The Credentials Page
The Credentials UI
The Credentials page is where you can manage credentials, bruteforce target hosts, or setup a workflow to reuse credentials against targets.
You can access the following sections from the Credentials dropdown:
Manage credentials
After navigating to “Credentials”, the manage screen is the first page you encounter. From here you can import credentials, add them manually, or remove them .

- Logins - The number of times the credentials were used to login successfully to a target.
- Public - The username that used to log in to a target.
- Private - The password that is used to authenticate to a target. It is usually a plaintext password, an SSH key, NTLM hash, or nonreplayable hash. Since the private key can be an SSH key or hash, the term ‘password’ is not broad enough to cover these private types.
- Type - The type of password. This can be a ssh key, NTLM hash, nonreplayable hash, or password.
- Realm - The functional grouping of database schemas to which the credential belongs. A realm type can be an Active Domain Directory, a Postgres database, a DB2 database, or an Oracle System Identifier (SID). A public, private, or credential pair can have a realm, but it is not mandatory. You can give each realm a custom name to identify it.
- Origin - Identifies how the credential was obtained or added to the project, such as through Bruteforce, manual entry, or an imported credentials list. An origin can be manual, import, session, service, or cracked password.
- Validation - Validates if the credentials were used to login successfully to a target.
- Tags - Organize hosts and data by using labels to group information.
- Clone - Makes a copy of the credential. When cloning, you can edit the information before saving.
Reuse credentials
The Credentials Reuse page allows you to reuse validated credentials against targets in brute force attacks by setting up workflows .
Targets
Add existing targets to the attack. The information is automatically populated from the hosts.

Credentials
Add existing credentials to be used against the target hosts. Credentials must be added from the Manage page.

Review
Review the settings and set brute force attack options.

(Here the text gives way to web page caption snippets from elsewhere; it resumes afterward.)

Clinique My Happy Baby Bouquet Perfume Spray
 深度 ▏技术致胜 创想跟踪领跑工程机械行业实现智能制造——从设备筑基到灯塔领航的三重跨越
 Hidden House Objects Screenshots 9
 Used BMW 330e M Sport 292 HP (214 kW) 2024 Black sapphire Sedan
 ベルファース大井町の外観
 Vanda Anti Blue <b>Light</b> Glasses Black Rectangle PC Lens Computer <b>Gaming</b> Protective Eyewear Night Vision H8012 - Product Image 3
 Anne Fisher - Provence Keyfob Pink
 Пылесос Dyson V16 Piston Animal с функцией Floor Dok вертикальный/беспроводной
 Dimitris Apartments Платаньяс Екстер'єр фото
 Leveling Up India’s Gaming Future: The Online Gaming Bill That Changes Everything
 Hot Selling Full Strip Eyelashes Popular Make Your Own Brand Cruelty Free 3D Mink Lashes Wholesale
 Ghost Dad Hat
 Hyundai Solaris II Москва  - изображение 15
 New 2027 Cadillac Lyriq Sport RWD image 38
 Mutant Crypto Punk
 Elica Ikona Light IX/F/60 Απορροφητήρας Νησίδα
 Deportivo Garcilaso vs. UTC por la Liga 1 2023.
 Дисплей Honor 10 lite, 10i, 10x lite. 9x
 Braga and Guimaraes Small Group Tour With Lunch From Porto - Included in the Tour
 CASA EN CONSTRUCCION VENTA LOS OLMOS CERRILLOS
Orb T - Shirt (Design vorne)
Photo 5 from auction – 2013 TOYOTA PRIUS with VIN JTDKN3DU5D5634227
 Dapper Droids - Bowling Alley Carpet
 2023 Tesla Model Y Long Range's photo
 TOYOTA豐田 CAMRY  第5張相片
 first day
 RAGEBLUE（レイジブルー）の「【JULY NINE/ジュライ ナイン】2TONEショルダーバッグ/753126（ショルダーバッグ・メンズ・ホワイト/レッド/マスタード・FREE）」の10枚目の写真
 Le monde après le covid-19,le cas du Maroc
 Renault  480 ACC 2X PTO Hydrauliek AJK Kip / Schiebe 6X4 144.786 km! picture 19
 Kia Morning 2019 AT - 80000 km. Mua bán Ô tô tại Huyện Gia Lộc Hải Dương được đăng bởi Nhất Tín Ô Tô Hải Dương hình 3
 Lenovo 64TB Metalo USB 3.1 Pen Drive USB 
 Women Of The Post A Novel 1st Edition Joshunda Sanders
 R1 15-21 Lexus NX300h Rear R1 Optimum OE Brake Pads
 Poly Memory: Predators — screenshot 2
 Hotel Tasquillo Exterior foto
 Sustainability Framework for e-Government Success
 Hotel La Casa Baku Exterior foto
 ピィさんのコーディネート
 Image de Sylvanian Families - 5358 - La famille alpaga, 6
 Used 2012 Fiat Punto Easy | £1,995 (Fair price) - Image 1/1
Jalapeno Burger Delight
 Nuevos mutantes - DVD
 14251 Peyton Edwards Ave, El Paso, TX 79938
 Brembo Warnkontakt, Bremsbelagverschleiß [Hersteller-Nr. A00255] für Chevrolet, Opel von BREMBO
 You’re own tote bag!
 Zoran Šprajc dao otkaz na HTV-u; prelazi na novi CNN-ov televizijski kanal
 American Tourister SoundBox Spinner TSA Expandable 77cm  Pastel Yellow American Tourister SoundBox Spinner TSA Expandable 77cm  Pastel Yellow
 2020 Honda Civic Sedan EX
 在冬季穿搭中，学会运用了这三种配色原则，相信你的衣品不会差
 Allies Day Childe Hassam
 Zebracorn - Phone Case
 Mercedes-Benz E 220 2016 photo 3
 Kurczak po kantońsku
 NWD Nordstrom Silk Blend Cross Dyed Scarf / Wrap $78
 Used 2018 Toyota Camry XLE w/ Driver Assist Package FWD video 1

- Service Timeout - Sets the timeout, in seconds, for each target.
- Overall Timeout - Sets the timeout for the entire Credentials Reuse task.
- Validate one credential per service - Limits the number of credentials that are validated for a service on a host to one. Once a credential has been validated for a service, Credentials Reuse will stop testing with other credentials.
Launch
Launch will start the brute force attack using the credentials and configured hosts.

- Login attempts - The total number of login attempts that were made.
- Validated targets - The total number of targets that were validated.
- Successful logins - The total number of logins that were successful. This number is derived from the number of validated credentials and validated targets.
Bruteforce credentials
The Bruteforce page allows you to choose targets and credentials to open a session on a target host.

Bruteforce is broken into three sections:
Bruteforce Targets
Targets is where you will set the target host address and the services the target is running to attack

Selected Hosts
- All hosts - Select if you want to target all hosts in the project.
- Enter target addresses - Enter the address of the target. You can enter them as:
- Single address (192.168.1.1)
- Range (192.168.1.1-192.168.1.100)
- CIDR notation (192.168.1.0/24)
- Wildcard (192.168.1.*)
Selected Services
You can select all services or pick the ones to target. At least one must be selected.
Bruteforce Credentials
Select the credentials to be used in the attack.

- Possible Combinations - This number will increase or decrease depending on the number of credentials being tested as you set options. The more combinations, the longer the attack will take.
- All credentials in this project - Any credentials saved in the project under Manage Credentials will be attempted.
- Attempt factory defaults - Default credentials are username and password pairs that are shipped with an operating system, database, or software.
- Add/Import credentials pairs - This option will open more configuration options.
- Credentials - Enter up to 100 username and password pairs
- Import credentials using a text file.
- Use <BLANK> as password - Generate a blank username for each password in the list. For example, if the password list contains a credential pair like ‘admin’/‘admin’, Bruteforce will also try admin/‘<BLANK>’.
- Use username as password - Check if you want to use a username as a password. For example, if the password list contains a credential pair like ‘user’/‘pass’, the bruteforce attack will also try ‘user’/‘user’.

Bruteforce Options
Set the configuration for a bruteforce attack.

- Overall Timeout - Set how long the attack will run before stopping for the whole attack.
- Service Timeout - Set how long the attack will run for each target before stopping.
- Time Between Attempts - Set the time between each attempted.
- Apply mutation(s) - Apply mutations rules to a password. Mutations can be used to create permutations of a password, which enables you to build a larger wordlist based on a small set of passwords
- Stop bruteforcing a target when a credential is guessed - Stop bruteforcing on a target once a credential is guessed. It does not stop the entire attack if there are more targets.
- Get session if possible - Enable if you want Bruteforce to attempt to obtain a session when there is a successful login attempt to MSSQL, MySQL, PostgreSQL, SMB, SSH, telnet, WinRM, and HTTP.